Yes i am a fan of stored procs, especially for anything that actaully is DB intensive. As Gumble also points out (frequently) it adheres to a basic concept we use daily, encapsulation. Normal Objects and Layers/Tiers cant see into the next object/layer/tier, why should this be broken at the data access layer. Using SP's also (IMO) aids in security and data control (well it can, anyone can butcher code) ;). The OO coders should not have to know the underlying data structure, they know what they want, they just need a means to get it. The Dba may be adding a whole bunch of stuff that the OO boys dont need to about, inactive flags, triggers, loggin, other extra columns, how the data is retireved etc etc... also this mean performance is left in the DB world and can be easily tested with out any manged code interfering.
One thing i do prefer is isolation of tests, i dont want to not be able to test individual units. A stored proc is a unit, a BusObj --> Repository --> DA--> db --> DA --> Repository --> BusObj is not a very succinct unit. If i want to test that vertical i still can however i want to be able to break it down too.

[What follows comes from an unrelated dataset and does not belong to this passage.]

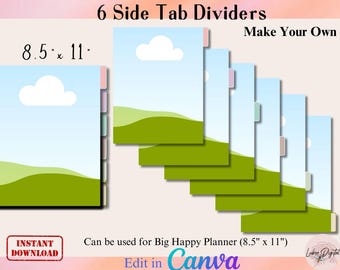 CANVA 8.5" x 11" Side Tabs divider,Editable Folder Tabs,Make Your Own CANVA Drag and Drop Journal Tabs,US Letter Planner Tab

Then there is the point of ORM's; I'm all for them, anything that gets rid of boring DA code, sweet! But sometime you have some complex resultsets and DB call that do not suit your run of the mill ORM's. I do believe for basic database and when fast turnover of code is of higher importances, then something like NHibernate (perhaps with AR) can be handy... but i think it needs to be reviewed on a case by case basis, unlike some of my peers who believe NHibernate is the silver for all solutions...
no doubt more will come...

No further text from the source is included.